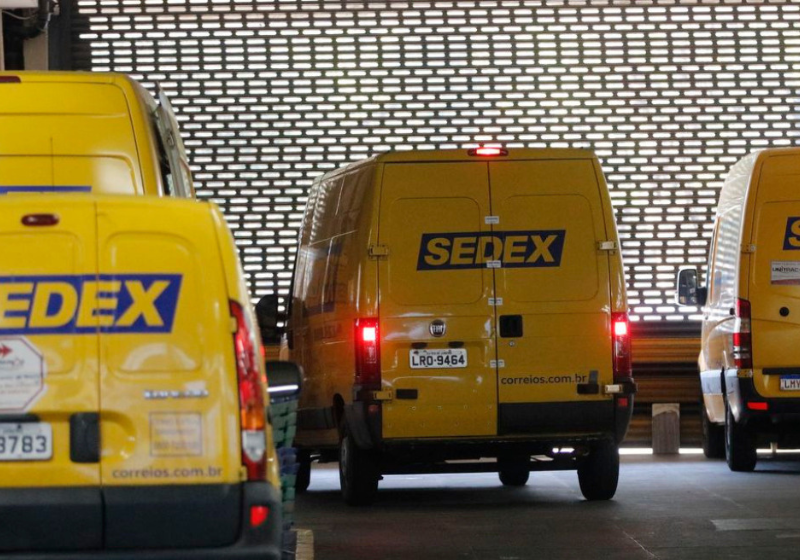 Se você quer ajudar, já pode levar suas doações para as vítimas do RS em qualquer agência dos Correios no Brasil todo. - Foto: Fernando Frazão (Agência Brasil).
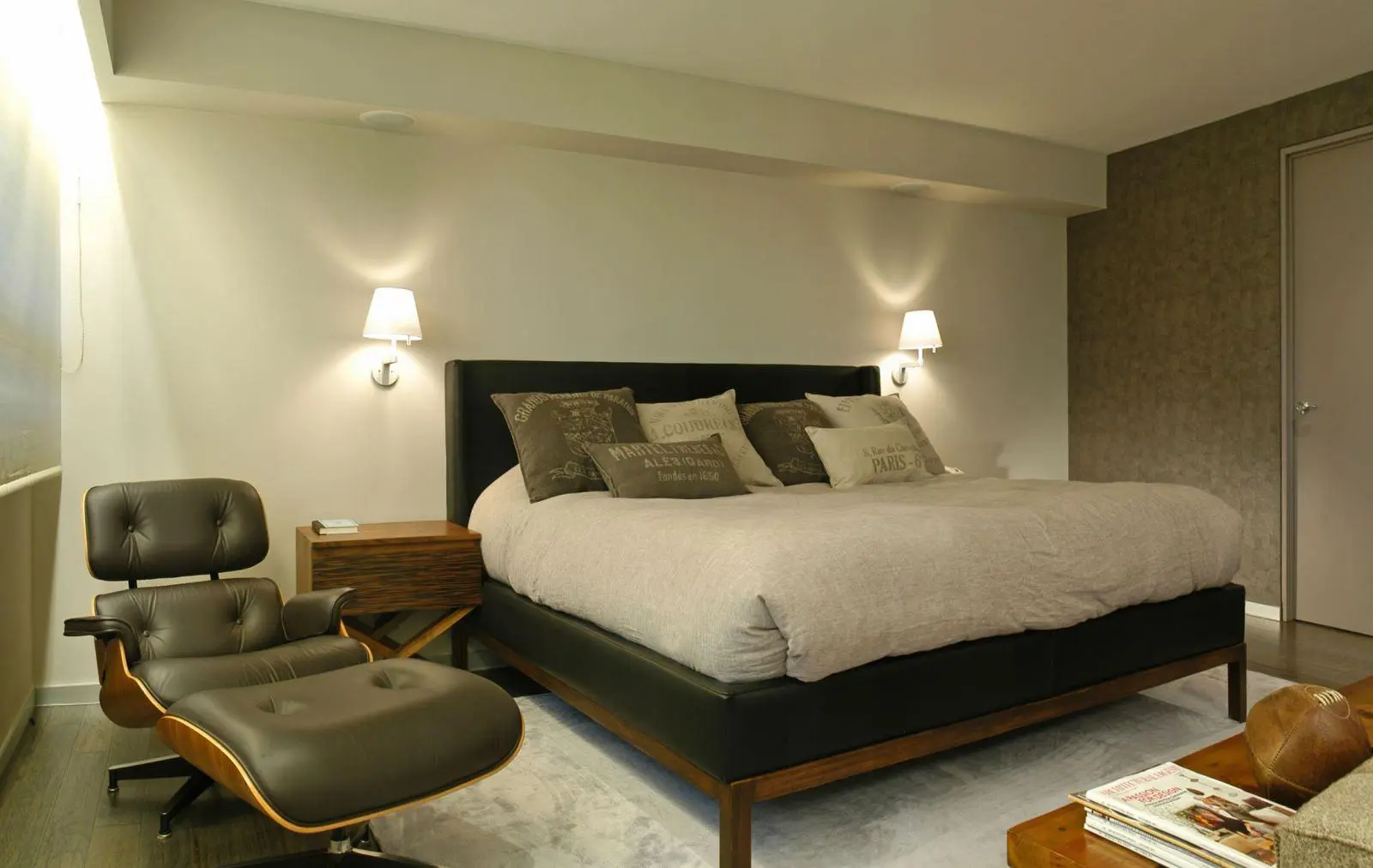 Ý tưởng trang trí phòng ngủ với tông màu xám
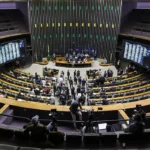 Delegados alertam que PEC da Blindagem ameaça democracia e fortalece impunidade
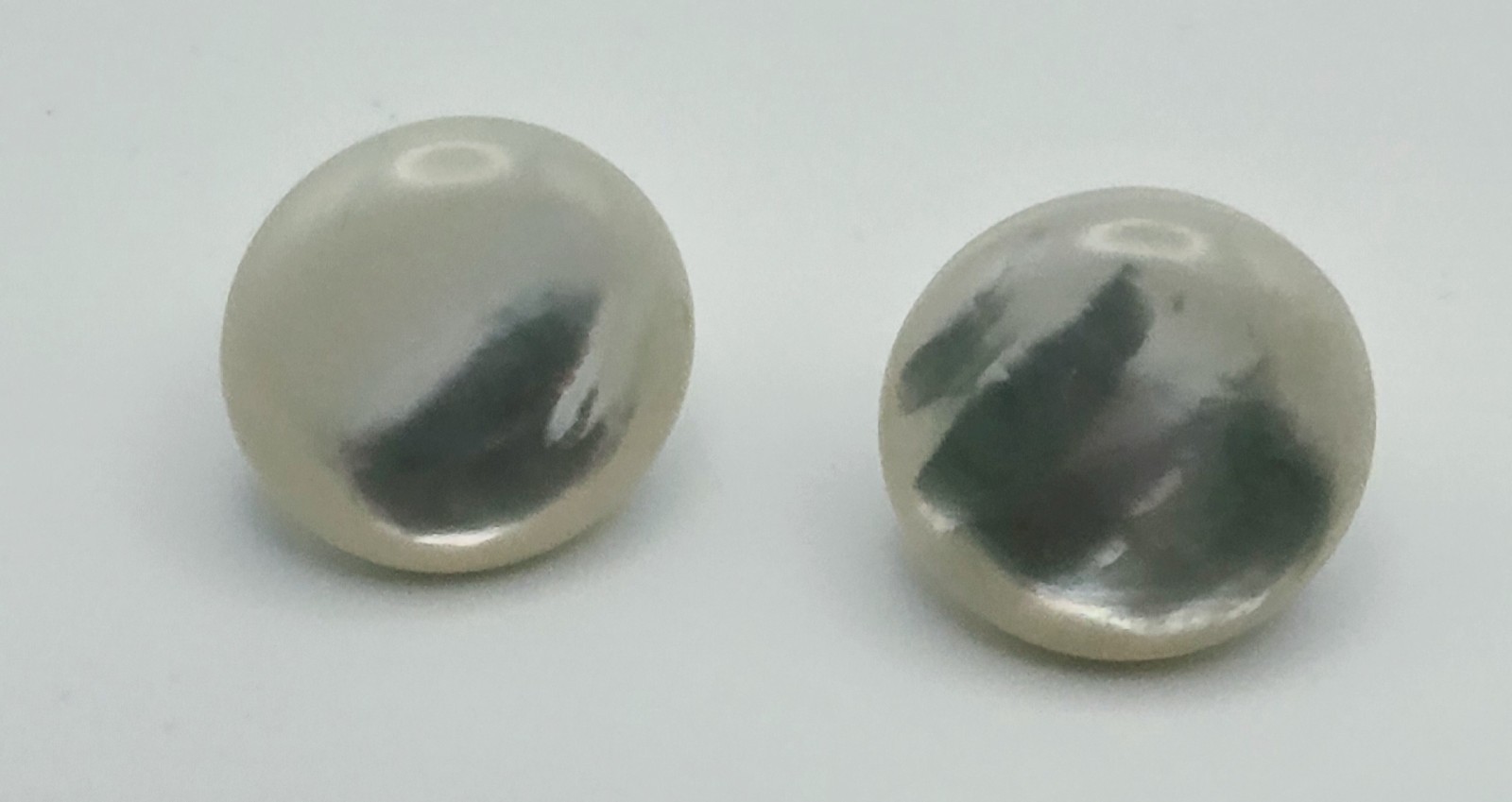 Vintage 1940s Mother of Pearl Iridescent Domed Button Screw-Back Earrings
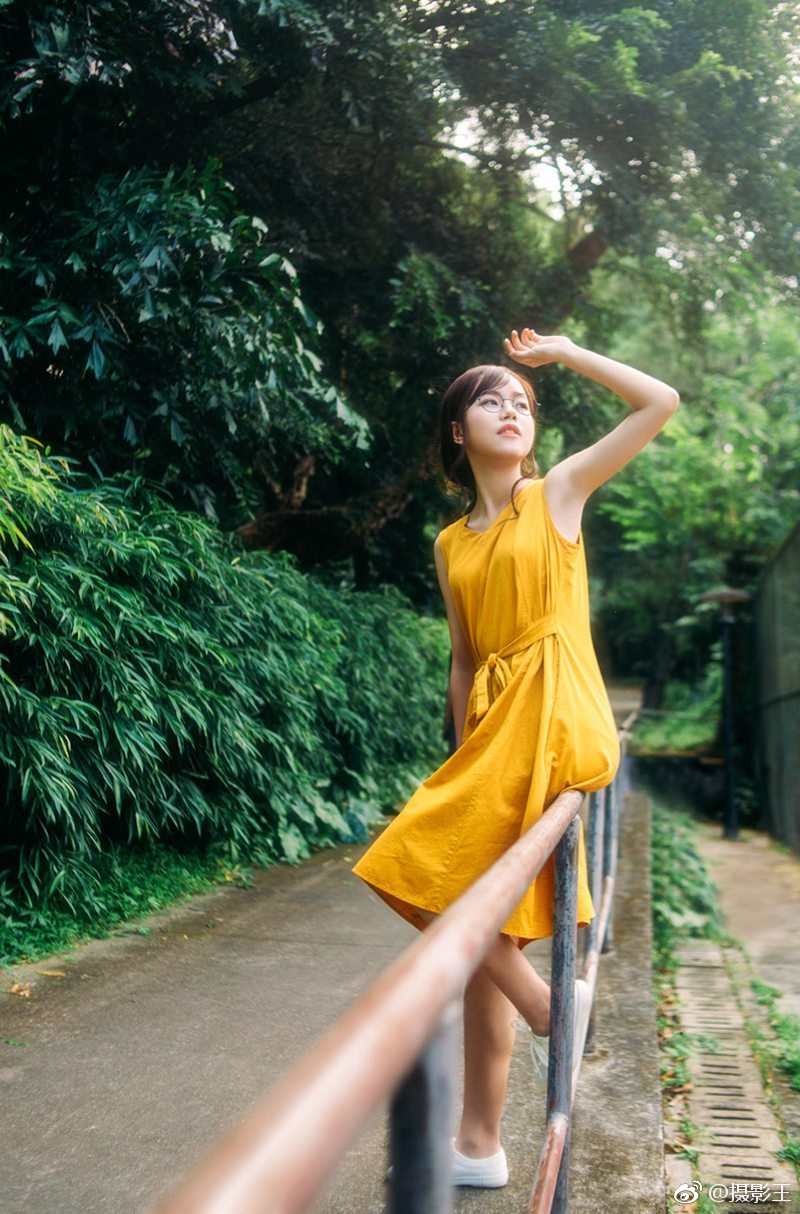 清新黄衣妹子戴圆眼镜室外写真集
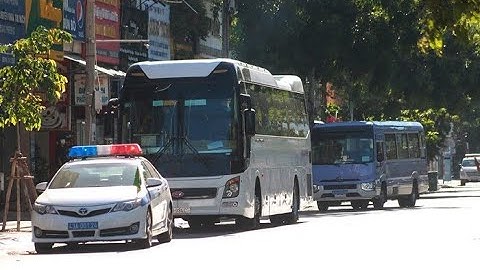 Bệnh viện sắp quá tải, Đà Nẵng đưa hàng trăm người đến khu cách ly mới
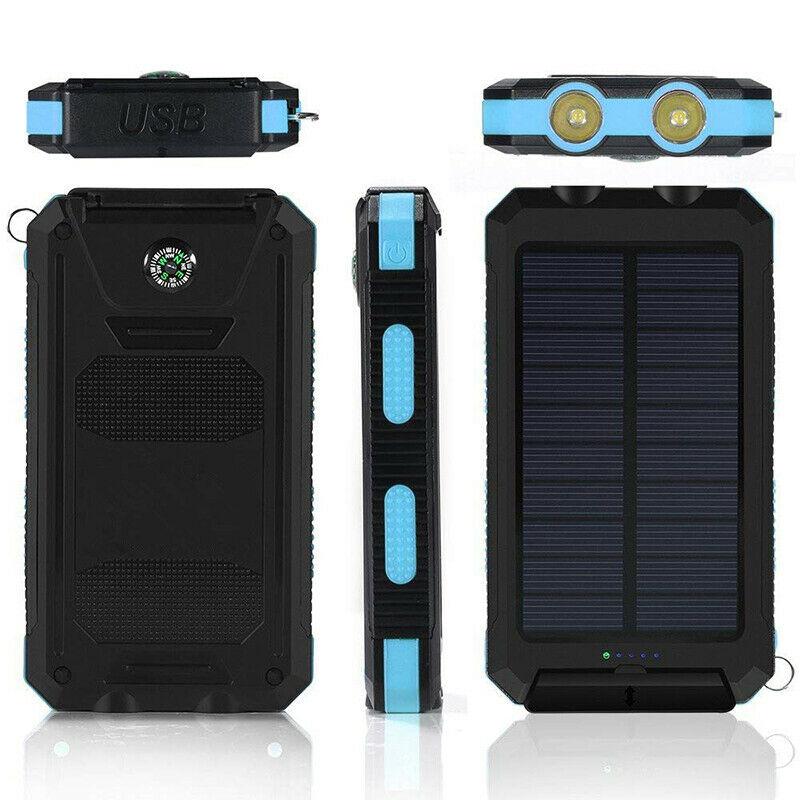 Powerbank met zonnepaneel, haak en twee USB-poorten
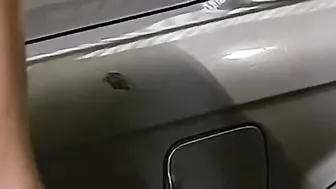 The blonde came to the service to pick up the car and got a hard ass fuck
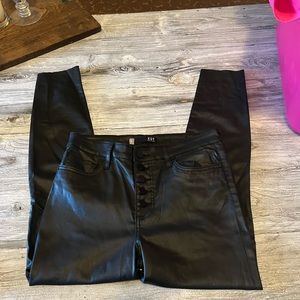 Brand new KUT coated black skinny’s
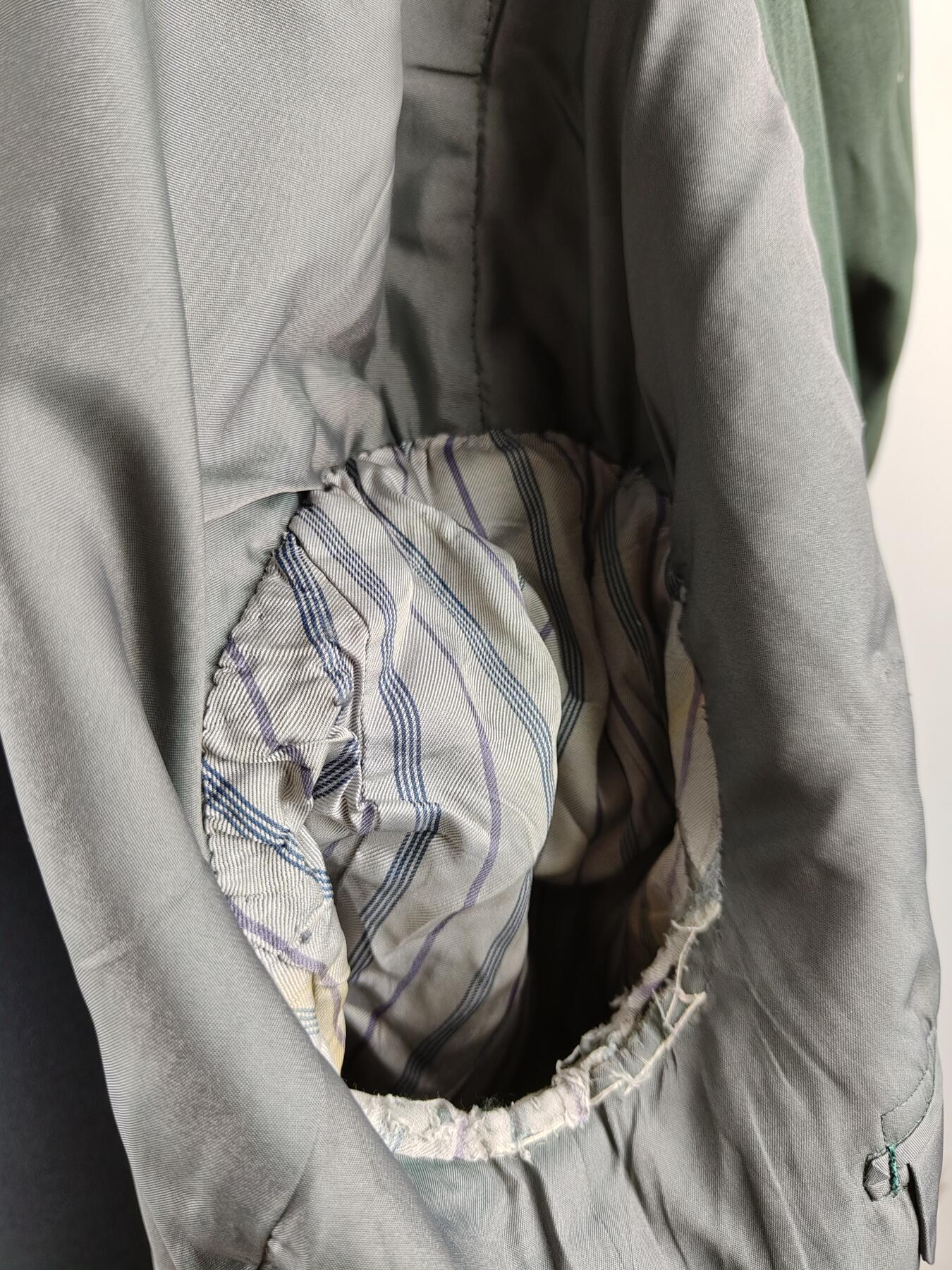 全场0元起拍 第173期 咸鱼国勋章拍卖专场 7月14日（周日）下午6：00开始 日本陆自91式 洋服店定制常服通礼 肩章可拆卸换礼服肩章 二佐阶级 胸围110 肩宽44 衣长75 袖长55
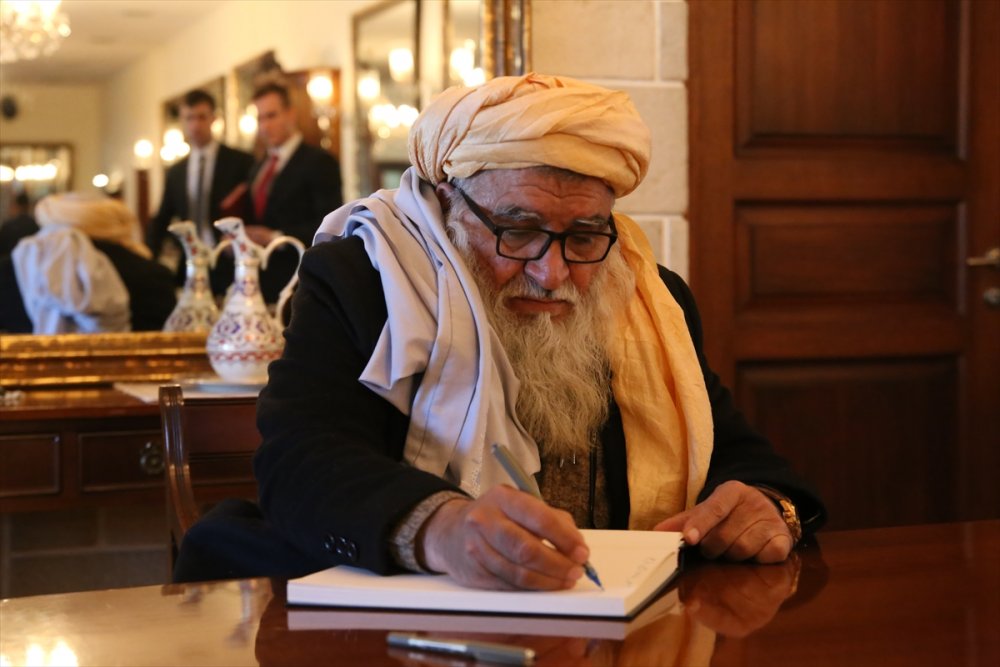 Afgan Kızılayı, depremzedeler için yaklaşık 940 bin Türk lirası yardımda bulundu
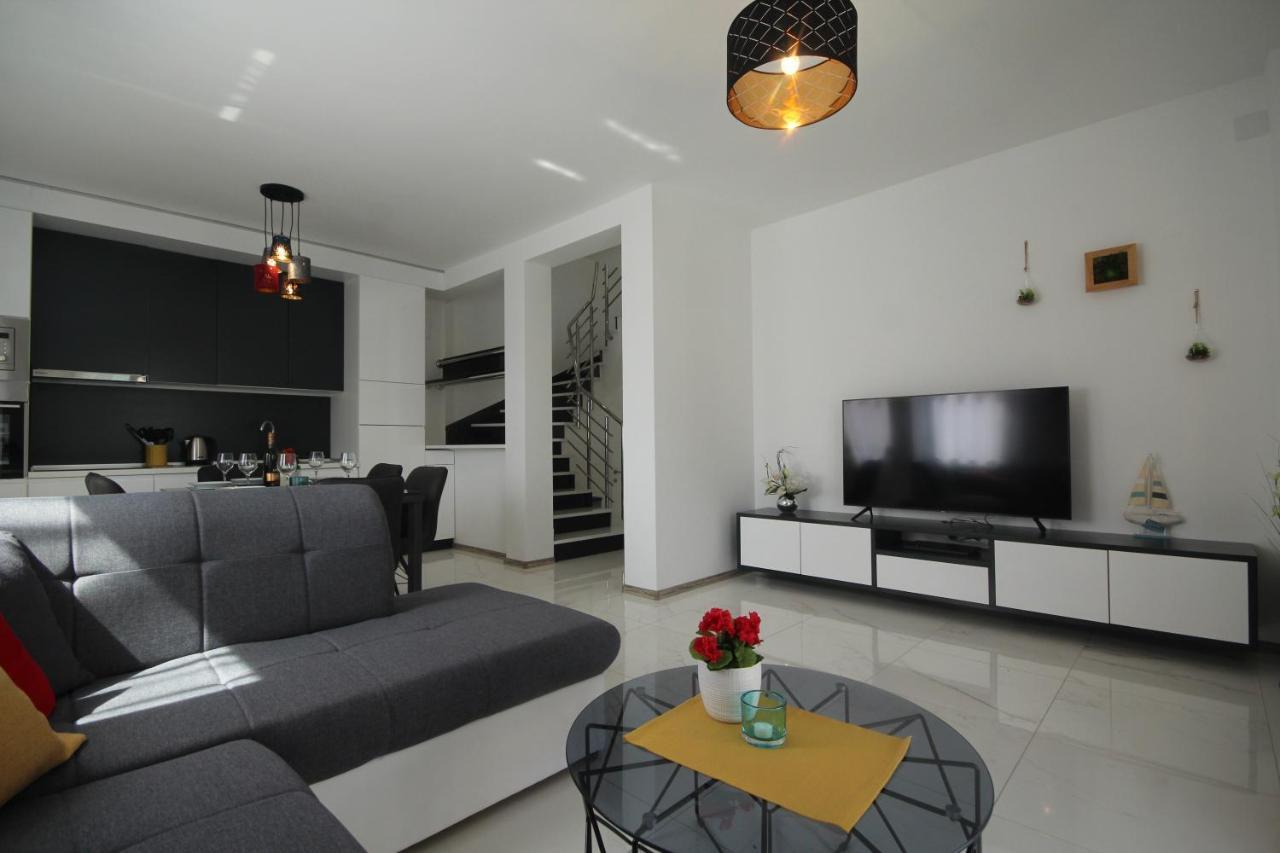 Villa Essenza - Luksuzne Kuce Za Odmor โวดีเซ ภายนอก รูปภาพ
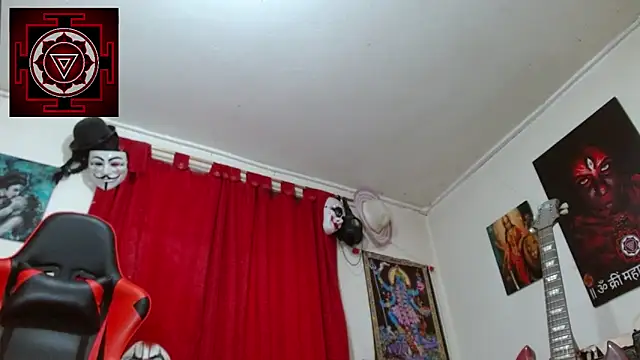 Snapshot of Amanda_Valeska chatting on 10/11/25, 03:13 Amanda Valeska online show from 10/11/25, 03:13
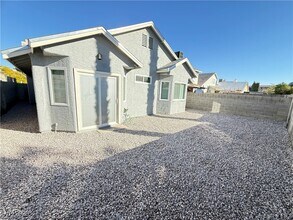 7029 English Mist Cir in Las Vegas, NV - Building Photo - Building Photo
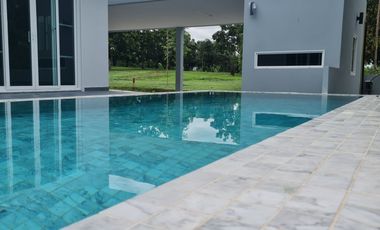 For sale 3 bedrooms villa in Mueang Chiang Rai, Chiang Rai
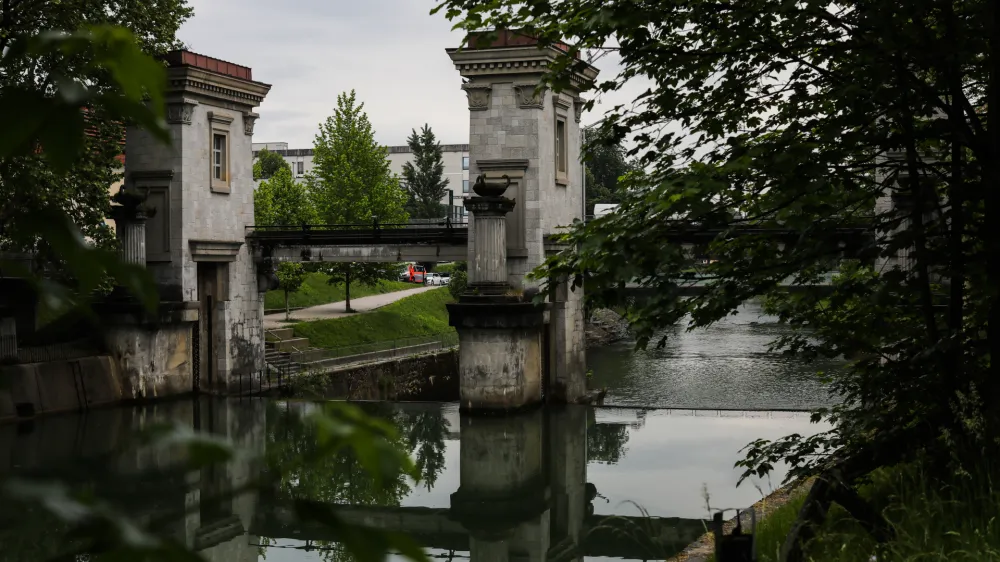 - 19.05.2020 &ndash; Vodna Plečnikova zapornica Ambrožev trg na Ljubljanici je dotrajana &ndash; predvidena je sanacija obstoječega objekta, celovite izgradnje vodarskega informacijskega sistema ter ureditev centralnega nadzornega sistema //FOTO: Bojan Velikonja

----

§ Exercise objective
The records above, copied word for word without the pictures, are what should be output.

§ Answer below
 Se você quer ajudar, já pode levar suas doações para as vítimas do RS em qualquer agência dos Correios no Brasil todo. - Foto: Fernando Frazão (Agência Brasil).
 Ý tưởng trang trí phòng ngủ với tông màu xám
 Delegados alertam que PEC da Blindagem ameaça democracia e fortalece impunidade
 Vintage 1940s Mother of Pearl Iridescent Domed Button Screw-Back Earrings
 清新黄衣妹子戴圆眼镜室外写真集
 Bệnh viện sắp quá tải, Đà Nẵng đưa hàng trăm người đến khu cách ly mới
 Powerbank met zonnepaneel, haak en twee USB-poorten
 The blonde came to the service to pick up the car and got a hard ass fuck
 Brand new KUT coated black skinny’s
 全场0元起拍 第173期 咸鱼国勋章拍卖专场 7月14日（周日）下午6：00开始 日本陆自91式 洋服店定制常服通礼 肩章可拆卸换礼服肩章 二佐阶级 胸围110 肩宽44 衣长75 袖长55
 Afgan Kızılayı, depremzedeler için yaklaşık 940 bin Türk lirası yardımda bulundu
 Villa Essenza - Luksuzne Kuce Za Odmor โวดีเซ ภายนอก รูปภาพ
 Snapshot of Amanda_Valeska chatting on 10/11/25, 03:13 Amanda Valeska online show from 10/11/25, 03:13
 7029 English Mist Cir in Las Vegas, NV - Building Photo - Building Photo
 For sale 3 bedrooms villa in Mueang Chiang Rai, Chiang Rai
 - 19.05.2020 &ndash; Vodna Plečnikova zapornica Ambrožev trg na Ljubljanici je dotrajana &ndash; predvidena je sanacija obstoječega objekta, celovite izgradnje vodarskega informacijskega sistema ter ureditev centralnega nadzornega sistema //FOTO: Bojan Velikonja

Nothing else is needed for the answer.